== PROBLEM TO WORK ON ==
Reproduce exactly the span of lines beginning at the one with "Invincible: The Old Guard Expansion" and ending at the last line of the data below, omitting pictures.

== SOURCE MATERIAL ==
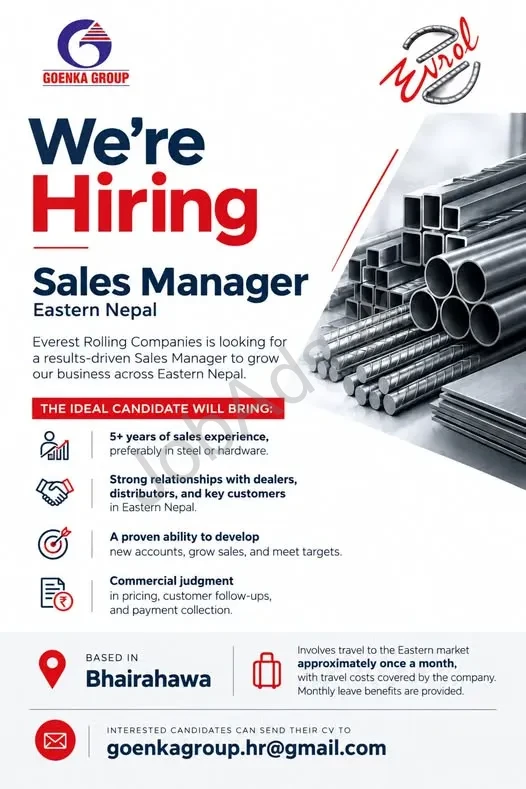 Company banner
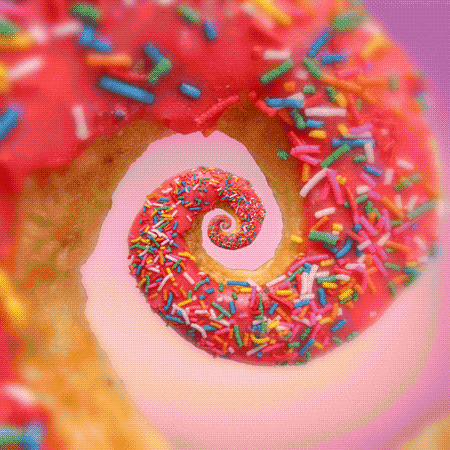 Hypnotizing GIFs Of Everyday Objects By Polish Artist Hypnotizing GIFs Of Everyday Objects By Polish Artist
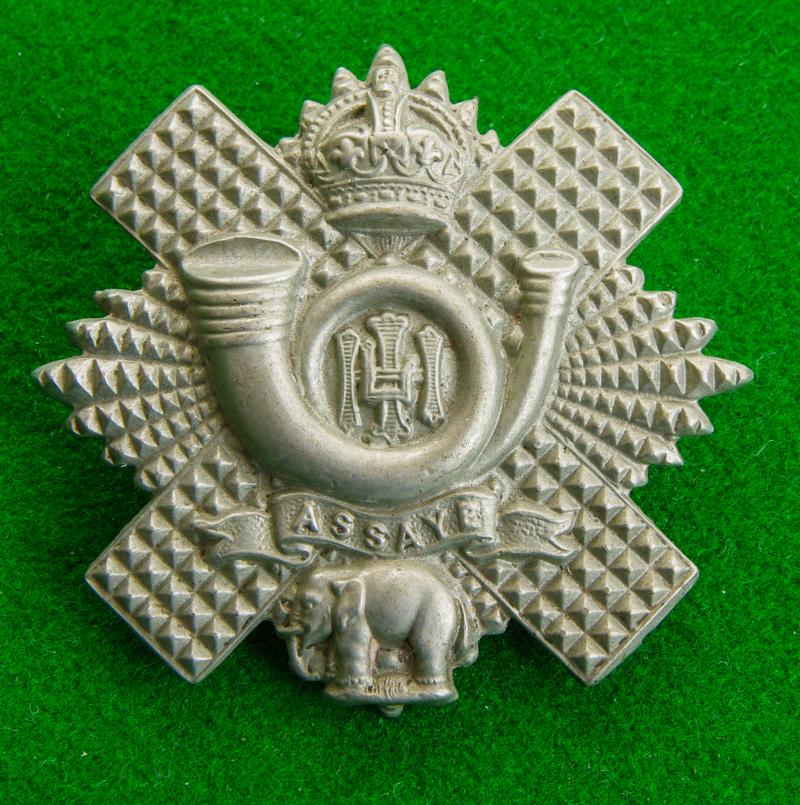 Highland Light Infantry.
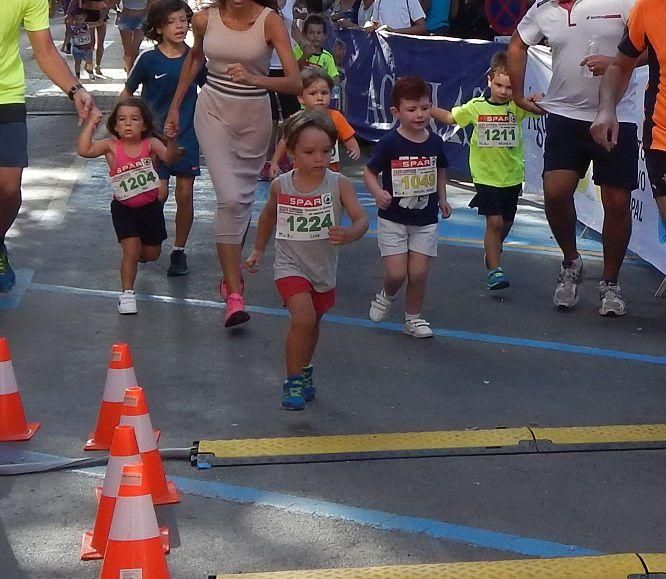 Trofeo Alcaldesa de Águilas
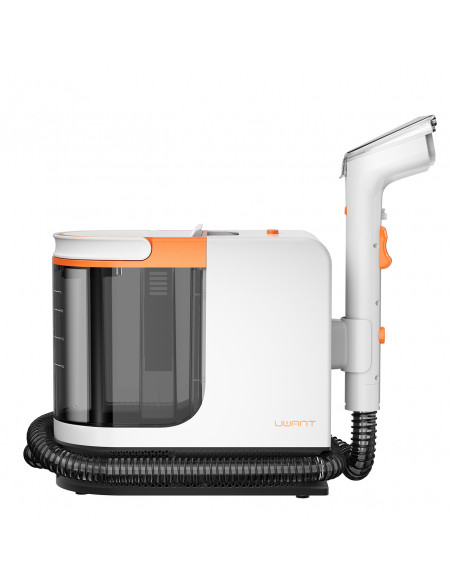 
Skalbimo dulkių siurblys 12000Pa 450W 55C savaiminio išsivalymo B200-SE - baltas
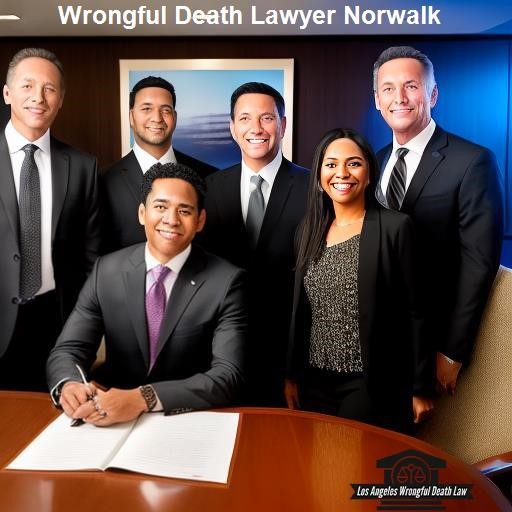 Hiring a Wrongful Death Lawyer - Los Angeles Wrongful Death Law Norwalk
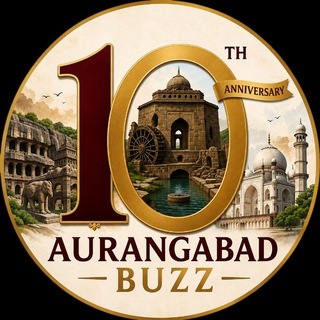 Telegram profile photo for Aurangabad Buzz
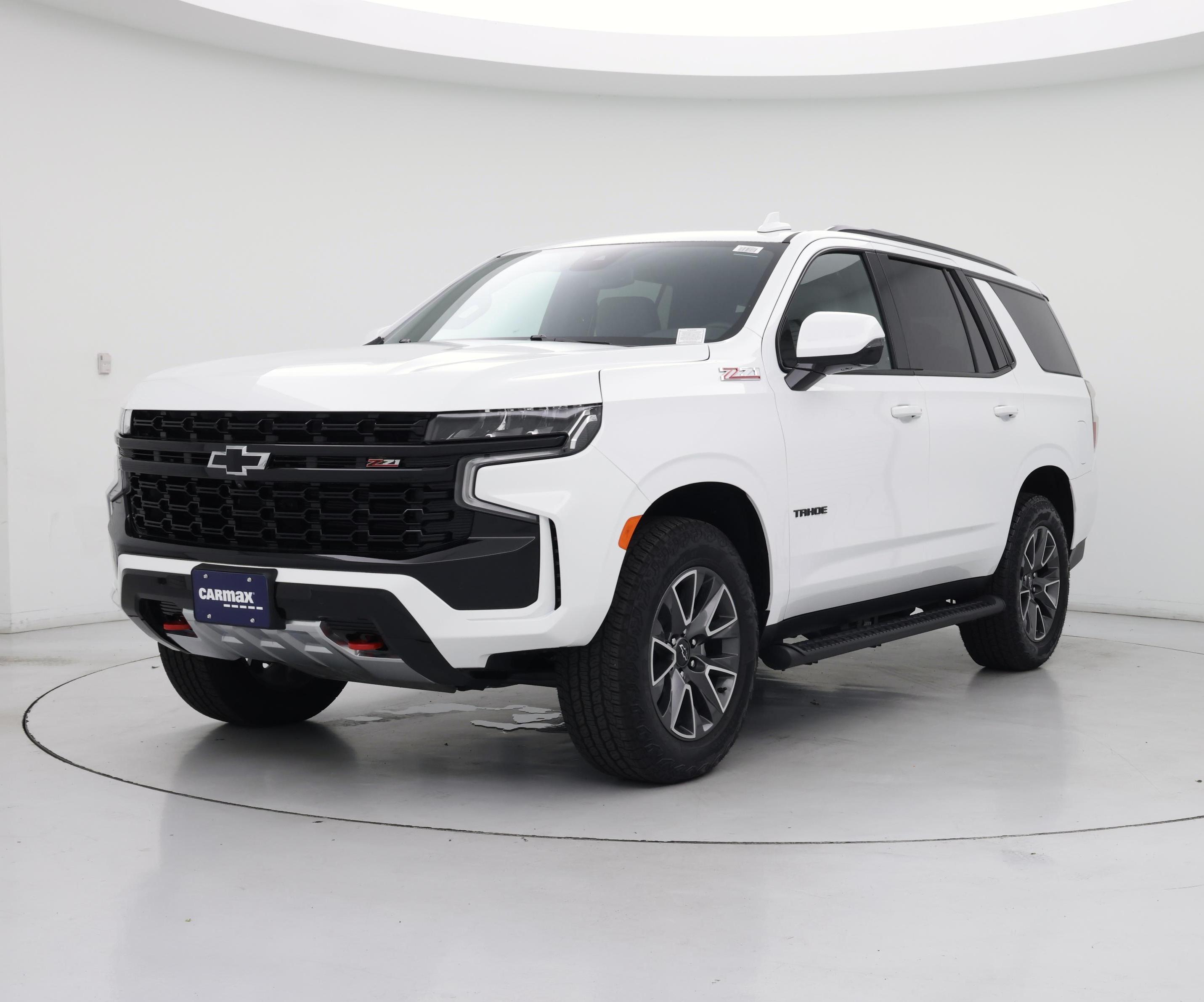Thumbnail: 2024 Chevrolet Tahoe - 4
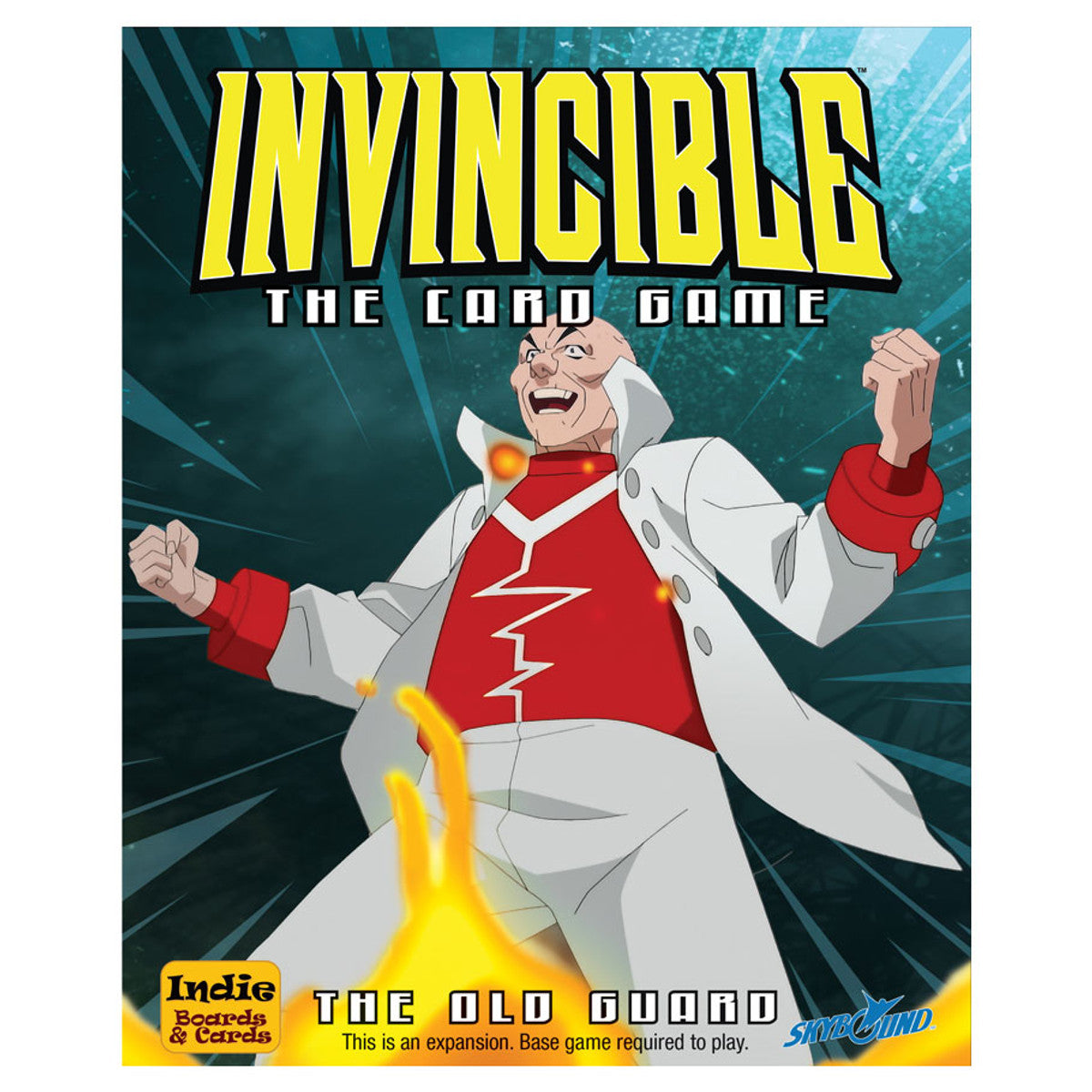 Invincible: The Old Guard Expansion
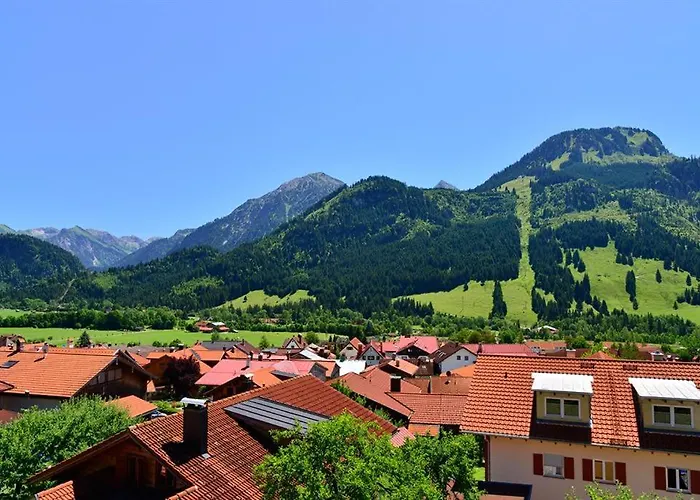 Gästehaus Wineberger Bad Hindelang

== RESPONSE TO THE TASK ==
 Invincible: The Old Guard Expansion
 Gästehaus Wineberger Bad Hindelang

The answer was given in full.